MATERIALS AND METHODS
We retrospectively reviewed the records of patients treated between 1990 and 2004 who were entered prospectively into an orthopaedic database with a diagnosis of myxofibrosarcoma (Fig 1). The patient group formed a cohort that would be compared to historical reports in the literature for local recurrence and survival analysis.1,15,16 For analysis of MR growth patterns, prereferral biopsy, and the efficacy of radiation therapy, patients were divided into two cohorts for analysis of each question. Twenty-one patients were treated for upper extremity myxofibrosarcomas. There were 10 men and 11 women with a median age of 63 years (interquartile distance [IQD], 53-76 years). The median follow-up was 52 months (IQD, 29-73 months; range, 18-122 months in survivors). No patients were lost to followup. We obtained information from patient medical records, radiographic imaging, and pathologic reports. Extended follow-up consisted of annual physical examination and chest radiographs.

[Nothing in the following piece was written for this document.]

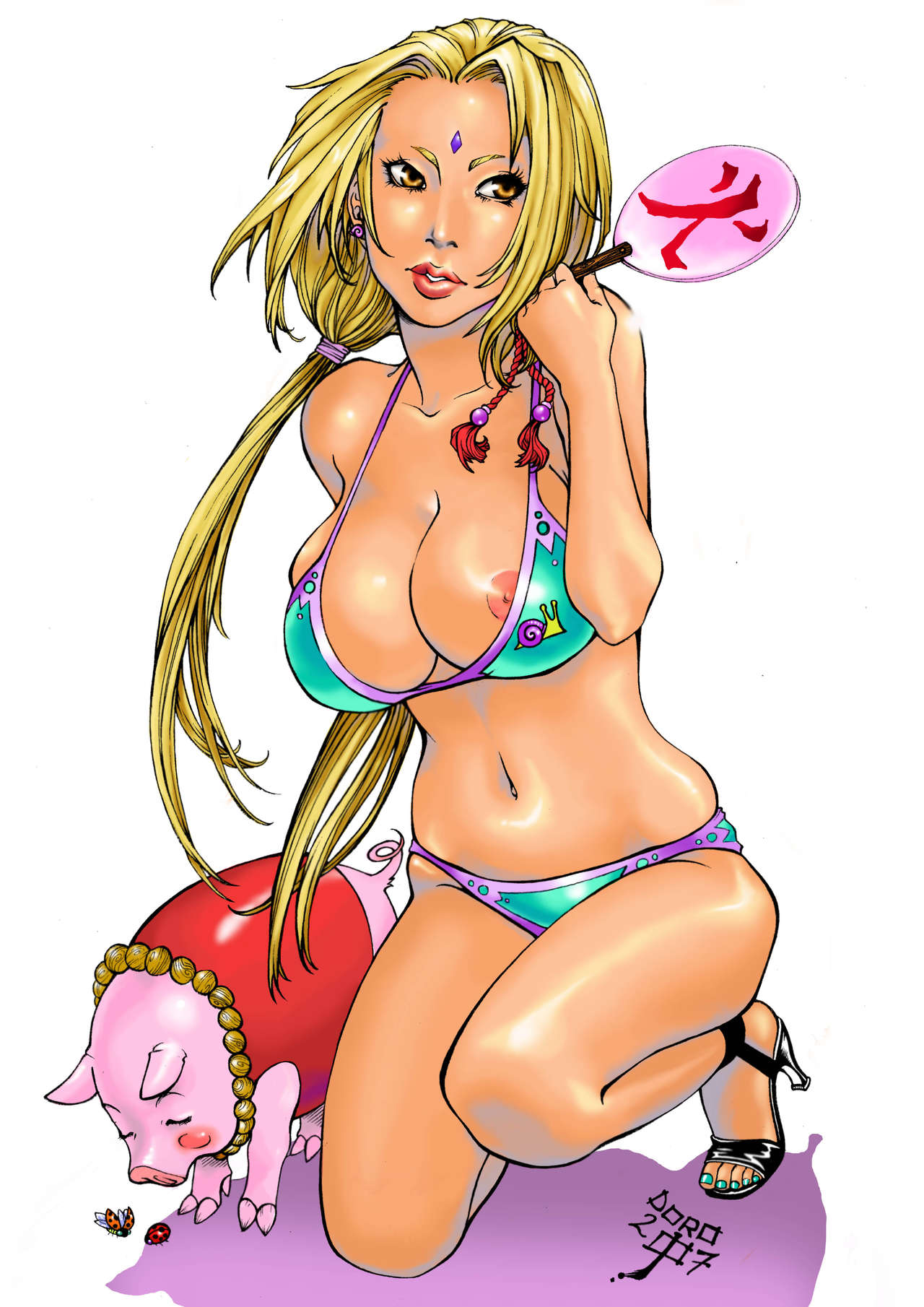 oppai pack 6 page 7 full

All patients presented with localized disease. The anatomical locations are depicted in Table 1. Fourteen patients had an outside biopsy before referral, with 13 having been unplanned sarcoma excisions. According to the staging system of the American Joint Committee on Cancer 6th edition,7 six patients had Stage I, six had Stage II, and nine had Stage III disease. Fourteen patients had lesions deep to the fascia, and seven had lesions that were superficial. Histological grade was low in six and high in fifteen on a two tiered grading system.9 The median tumor size was 6 cm (IQD, 4-10 cm).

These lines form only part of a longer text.